Continuous integration (CI) protects code against defects by building and testing every code change in real time. A CI system will automatically trigger tests all the time.Tests not running in CI (like manual tests) are effectively dead. At NetApp, failing code changes would immediately be kicked out of the code line, making automated tests act like a vaccine against bugs. On the other hand, I remember a project at MaxPoint that was riddled with bugs and perpetually delayed. When I asked the developers to see their unit tests, they said they never wrote unit tests because “it wasn’t a requirement.”

#5: Delivery Time

Continuous delivery (CD) is the natural extension of continuous integration, in which software products can automatically be delivered (and potentially even deployed) as the final step in a CI pipeline. This is how big companies like Google, Facebook, and Netflix can deliver so rapidly. No automation means no CD.

#6: Results and Metrics

Non-engineers (managers, product owners, scrum masters, oh my!) love to ask questions about tests.  “Are we red or green?” “How many tests do we have for this feature?” “What’s our coverage?” “How often do we run the tests?” Automated tests simply yield more accurate and more comprehensive results.

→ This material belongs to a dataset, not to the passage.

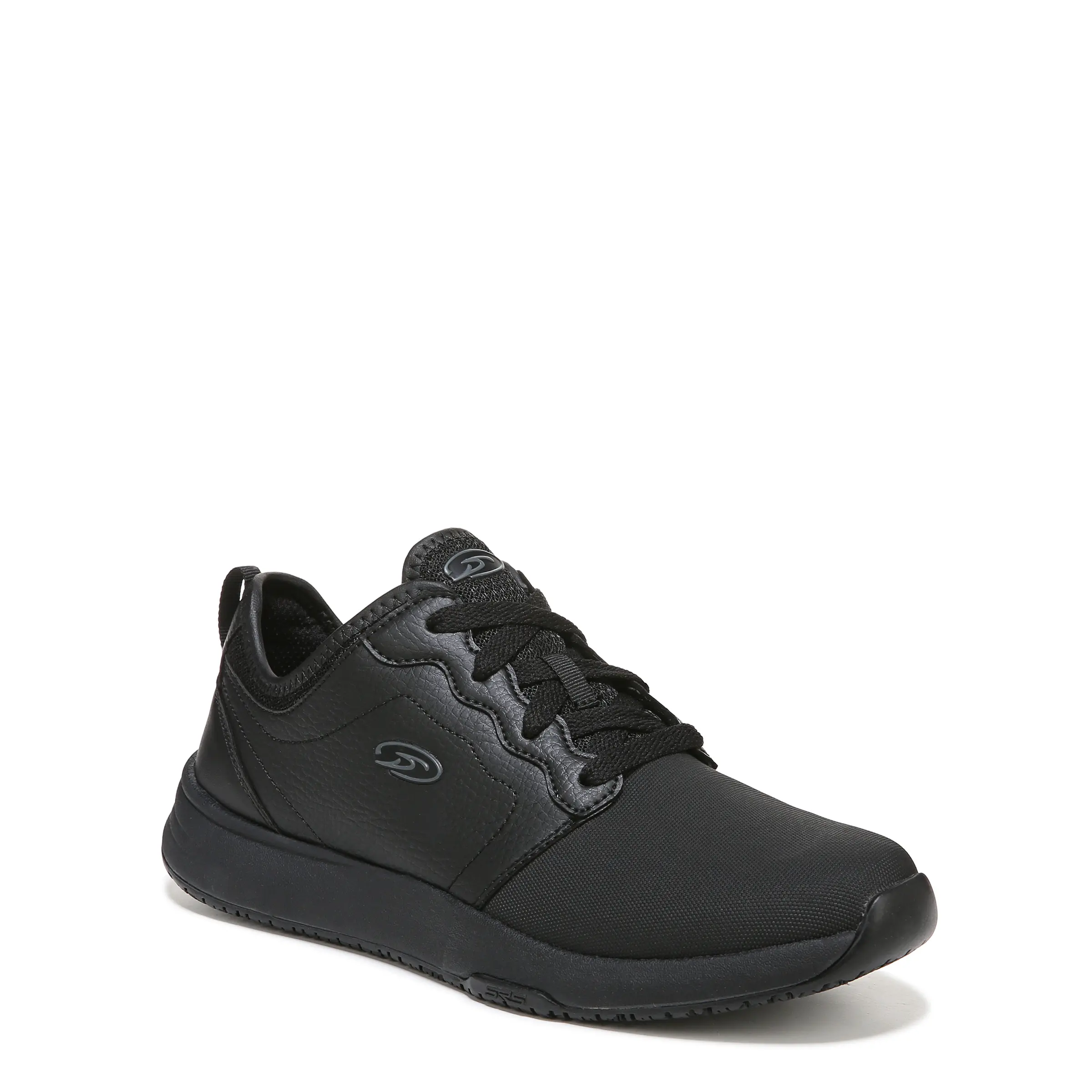 Dr. Scholl's Women's Drive Work Anti-Skid Low Top Casual Trainers - Lace-Up, Manmade Upper, Medium & Wide Width, Slip-Resistant Walking Shoes, Closed, Reduces Foot Pressure, Anatomical Cushioning, Moves With Your Foot, Antimicrobial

Automation can also generate test reports, so engineers don’t need to waste time drafting emails or updating wiki pages.

#7: Accountability

Numbers don’t lie. Scripts don’t lie. Engineers typically don’t lie, but… results from manual tests can have a fudge factor, or a mistake in reporting, or any other sort of inconsistency. Inaccurate results may lead to poor business decisions. Automated results tell it like it is.

#8: Creativity

Manual testing can devolve into repetitive, menial labor: just follow steps 1-10 again and again and again. It would be much more effective for manual testers to focus on exploratory testing rather than deterministic testing. While automated tests can cover the fixed, repetitive test scenarios, exploratory testing lets testers find creative ways to uncover defects and judge how well a product actually works. Lack of automation ties up human capital.

#9: Peace of Mind

Are you sure that your product is “good”? Can you run enough tests to make sure? I learned the value of peace of mind while I was still in college. In my compiler theory course, I had to develop a simple programming language and build a compiler for it. Every week, we had to add new language features: arithmetic, strings, arrays, functions, etc. And every week, I wrote a slew of mini-programs to test grammar updates to my new language. By the time the project was complete, I had 1000+ automated test cases running through JUnit with 100% coverage, and the entire suite took a mere few minutes to run. And there were many late nights when the tests caught bugs in my language right away before committing code. There was no way I could have passed that class without my automated tests.

#10: Quality

The ultimate purpose of test automation is product quality. Having automation doesn’t necessarily mean product quality is good, but not having automation severely limits how quality can be pursued. Anecdotally, I’ve seen much better code quality come out of projects that have good test automation than ones without it. If I were a product owner, I know what I would want.